Chief Mullican speaks to the Kodiak Island Local Emergency Planning Committee. Kayla Desroches/KMXT
Chief Mullican speaks to the Kodiak Island Local Emergency Planning Committee. Kayla Desroches/KMXT

Kayla Desroches/KMXT

People around coastal Alaska are looking at how draft tsunami inundation maps could affect their communities. New data from the state’s Division of Homeland Security and Emergency Management means that the 100-foot-line – or the boundary of the inundation zone – may be moved.

Kodiak Fire Chief Jim Mullican spoke to members of the Kodiak Island Local Emergency Planning Committee Tuesday afternoon. He said part of the challenge is informing the public about what a difference a short distance could make in the case of a tsunami: a person could be safe in one spot and then in danger again two blocks over.

Mullican shared some maps that show how the tsunami inundation zones move after the new data is applied.

“Once they come and say ‘Here are your lines,’ then we have to figure out on the emergency management side through utilizing the LAPC and many other outlets, how do we get the information out to the public so that they understand this? Because it changes a lot of old time knowledge that’s been passed down from the elders.”

Mullican said after a tsunami strikes, emergency service providers need to be aware of what modes of transportation will be open to them, if any. In Kodiak, the new maps show Benny Benson state Airport is threatened.

“You look at the lines, the airport is almost entirely inundated in the worst case scenario. So, the airport gets hit, the wave comes in, even when the water recedes, we’re not going to be able to land planes on it until they’ve been certified that they can land the aircraft. So, there again that adds into the need for our own resiliency here to be able to support ourselves until such time that things can get going again.”

In the case that residents can’t exit by airplane, they need to think about how to feed and shelter people. He said emergency service officials need to talk to each other and consult with their counterparts in state agencies to figure out how they might get supplies to the island when disaster strikes.

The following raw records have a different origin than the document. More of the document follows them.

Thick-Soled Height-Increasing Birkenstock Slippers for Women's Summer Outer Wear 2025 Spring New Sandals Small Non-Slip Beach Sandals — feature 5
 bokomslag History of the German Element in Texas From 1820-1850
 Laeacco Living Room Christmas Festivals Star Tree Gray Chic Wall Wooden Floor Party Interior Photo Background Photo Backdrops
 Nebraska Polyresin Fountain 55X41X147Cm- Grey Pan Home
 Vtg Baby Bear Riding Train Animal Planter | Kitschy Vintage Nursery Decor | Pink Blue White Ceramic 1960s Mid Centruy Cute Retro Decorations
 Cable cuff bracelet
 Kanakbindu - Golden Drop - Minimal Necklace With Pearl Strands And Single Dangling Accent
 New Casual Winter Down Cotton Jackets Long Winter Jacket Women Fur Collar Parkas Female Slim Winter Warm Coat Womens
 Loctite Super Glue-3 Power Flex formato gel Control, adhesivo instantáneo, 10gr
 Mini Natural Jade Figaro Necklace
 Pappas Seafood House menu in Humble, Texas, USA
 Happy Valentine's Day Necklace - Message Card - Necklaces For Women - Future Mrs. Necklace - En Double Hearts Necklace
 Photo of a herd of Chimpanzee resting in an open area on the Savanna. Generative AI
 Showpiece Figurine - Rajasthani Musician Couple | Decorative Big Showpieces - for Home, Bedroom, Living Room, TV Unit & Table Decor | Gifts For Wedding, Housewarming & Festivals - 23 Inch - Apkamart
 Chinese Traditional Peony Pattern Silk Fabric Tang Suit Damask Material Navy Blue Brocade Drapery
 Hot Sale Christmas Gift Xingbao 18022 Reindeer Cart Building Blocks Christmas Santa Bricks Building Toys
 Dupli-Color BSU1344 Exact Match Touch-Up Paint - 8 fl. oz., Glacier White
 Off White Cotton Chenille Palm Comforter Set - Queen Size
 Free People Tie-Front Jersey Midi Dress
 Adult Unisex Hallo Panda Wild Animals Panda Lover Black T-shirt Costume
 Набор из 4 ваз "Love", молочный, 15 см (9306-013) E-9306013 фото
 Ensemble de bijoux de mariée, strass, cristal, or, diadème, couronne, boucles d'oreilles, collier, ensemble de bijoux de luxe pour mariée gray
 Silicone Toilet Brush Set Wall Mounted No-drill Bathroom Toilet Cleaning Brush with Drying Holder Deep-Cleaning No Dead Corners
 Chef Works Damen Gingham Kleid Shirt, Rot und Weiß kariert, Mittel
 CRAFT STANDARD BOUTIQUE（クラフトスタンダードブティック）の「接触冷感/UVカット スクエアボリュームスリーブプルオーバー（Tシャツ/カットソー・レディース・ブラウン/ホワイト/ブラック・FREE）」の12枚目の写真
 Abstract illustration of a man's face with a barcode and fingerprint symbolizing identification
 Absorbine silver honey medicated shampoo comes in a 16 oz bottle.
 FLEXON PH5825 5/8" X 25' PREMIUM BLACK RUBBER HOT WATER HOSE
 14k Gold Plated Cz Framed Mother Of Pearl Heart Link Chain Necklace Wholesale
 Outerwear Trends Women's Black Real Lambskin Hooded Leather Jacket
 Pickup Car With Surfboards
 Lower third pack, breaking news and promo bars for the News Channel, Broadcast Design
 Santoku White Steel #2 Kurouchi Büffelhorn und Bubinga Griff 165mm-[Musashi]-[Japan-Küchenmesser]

The time people have to get to safety varies. Mullican said tsunamis generated in the Gulf of Alaska, for instance, can strike the city with very little warning. But, in the best case scenario, residents would have a few hours.

“If we’re lucky and the warning comes from – okay, this was an event in Peru, now we have a lot of time to be able to get information out via the radio stations, get information out via the tsunami sirens, to get the public moving so that when it gets here 6 hours, 8 hours later, we’re very much prepared for it.”

The unpredictable nature of tsunamis means emergency services need to be on top of new data like updated inundation zone boundaries.

Mullican said the state may finalize the inundation maps by the end of the year, although maybe later.